‘Not at all. When it looked last night as if it hung right over our heads, it was shamming. See it now—far away there!’
‘But which, then, is the sham, and which is the true? It looked near yesterday, and now it looks far away. Which is which?’
‘It must have been a sham yesterday; for although it looked near, it was very dull and dim, and you could only see the sharp outline of it.’
‘Just so I argue on the other side. The mountain must be shamming now, for although it looks so far off, it yet shows a most contradictory clearness—not only of outline but of surface.’
‘Aha!’ thought I, ‘Miss Clara has found her match. They both know he is talking nonsense, yet she can’t answer him. What she was saying was nonsense too, but I can’t answer it either—not yet.’

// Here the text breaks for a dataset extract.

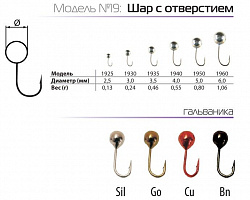 Мормышка SP-1950-SIL Шар с отв.5мм 0,80гр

I felt proud of both of them, but of Charley especially, for I had had no idea he could be so quick.
‘What ever put such an answer into your head, Charley?’ I exclaimed.
‘Oh! it’s not quite original,’ he returned. ‘I believe it was suggested by two or three lines I read in a review just before we left home. They took hold of me rather.’

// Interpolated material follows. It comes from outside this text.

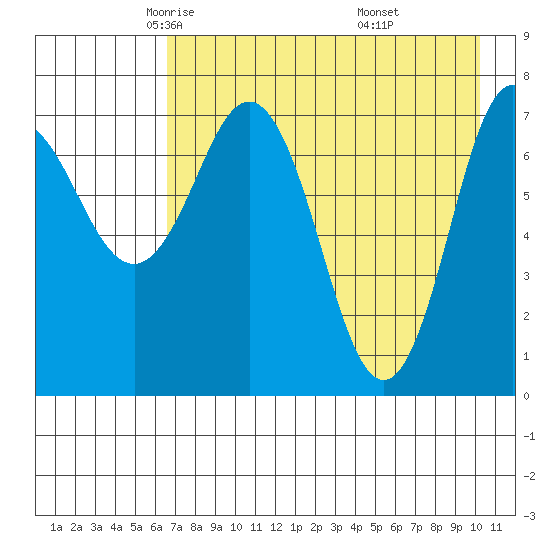 Chowiet Island tide chart for Friday, May 3, 2024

He repeated half of the now well-known little poem of Shelley, headed Passage of the Apennines. He had forgotten the name of the writer, and it was many years before I fell in with the lines myself.
‘The Apennine in the light of day
Is a mighty mountain dim and gray,
Which between the earth and sky doth lay;
But when night comes, a chaos dread
On the dim starlight then is spread,
And the Apennine walks abroad with the storm.’